Document Type

Article

Publication Title

The Georgetown Law Journal Online

Volume

111

Publication Date

2023

Keywords

tax law, education, tax credits, public schools

Abstract

This Article examines the tax law’s subsidies for inequality and segregation in primary and secondary education, analyzing the federal charitable deduction and education savings plans, and state tax credits for education. It argues that the tax system diverts funds from traditional public education into private education, fostering economic, racial, religious, and political separation. The tax law also operates to increase resource inequality within public education by subsidizing schools that affluent children attend.
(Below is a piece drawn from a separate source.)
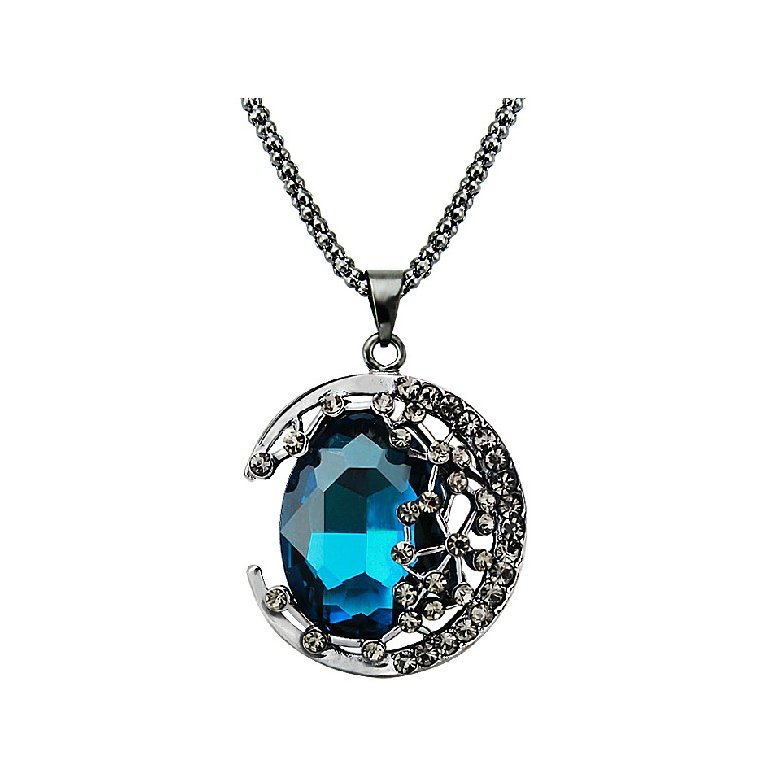 Wholesale Retro circle Hollowed out  sapphire crystal Pendants Necklace For Women Wedding Birthday Gift Jewelry VGN028 0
In a novel analysis, the Article contends that the jurisprudence around the charitable deduction for education—though longstanding—is legally incoherent, and argues that no deduction should ever be allowed for parental payments to schools their children attend, whether designated as tuition or gifts.

Although the tax law cannot fully solve the problems plaguing primary and secondary education, it is important to recognize the ways that benefits delivered through the tax law encourage and subsidize segregation and stratification in childhood education, along multiple dimensions— socioeconomic, racial, political, and religious. Tax benefits operate to delegate substantial control over childhood education to private organizations and individuals, undermining the civic role of public education. Along with many other areas of the law, the tax law could better promote democratic values in education.